I concetti di illecito, danno, risarcimento e interesse si influenzano e si delimitano reciprocamente.
Un atto determinava la punibilità di chi lo avesse posto in essere se compiuto in violazione di un precetto giuridico. Ma la poena, per i delitti privati, non consisteva necessariamente in un’obbligazione risarcitoria: quest’ultima sorgeva solo allorquando si verificasse un danno – ovverosia una diminuzione patrimoniale effettiva – per l’individuazione del quale era necessario volgere lo sguardo all’interesse del soggetto leso.

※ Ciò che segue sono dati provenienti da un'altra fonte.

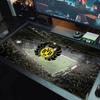 Borussia Großes Mauspad Große Gaming-Tischunterlage Rutschfest Laptop Tablet Großes Mauspad XXL Matte Mini-PC Spielmatte Mit Verriegeltem Rand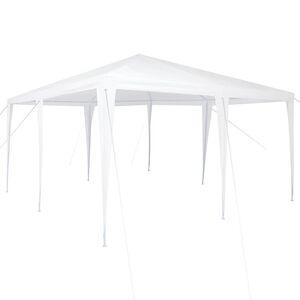 vidaXL Partyt&auml;lt Vit 400 x 400 x 266 cm Polyeten och St&aring;l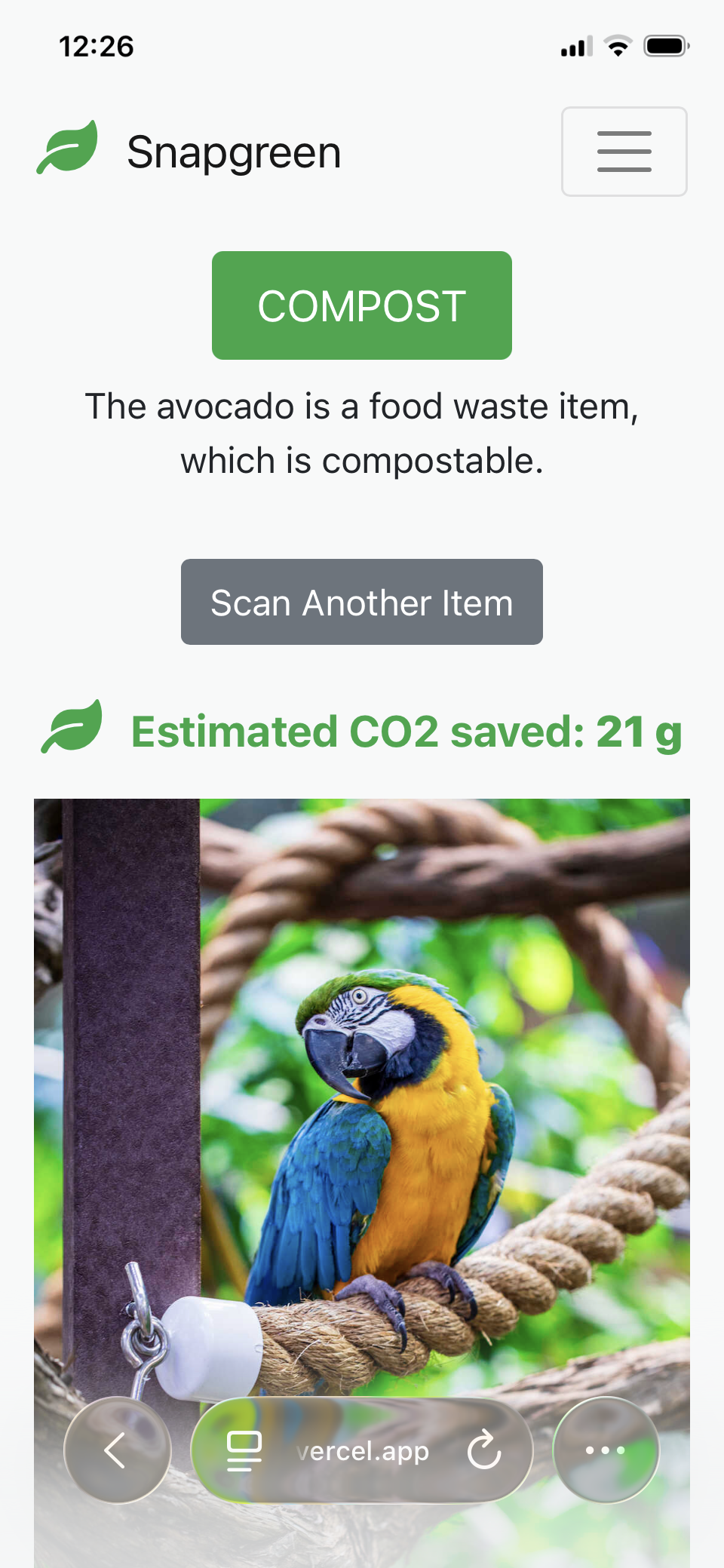Waste Classification Web App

In definitiva, se fondamento dell’obbligo di risarcire era un comportamento illecito, concretamente gli effetti costitutivi dell’obbligo risarcitorio si producevano solo in presenza del danno-diminuzione patrimoniale, che si determinava avendo riguardo all’interesse del danneggiato. In questo quadro riassuntivo emergono già chiaramente i prodromi di quelle linee direttrici che condurranno con l’evoluzione giuridica alle concezioni moderne in materia; ciò porta a concentrarci sulla lex Aquilia, nella quale, come si vedrà, era contenuto il termine damnum (nel III capo, in particolare), la cui accezione coincide con quella appena descritta.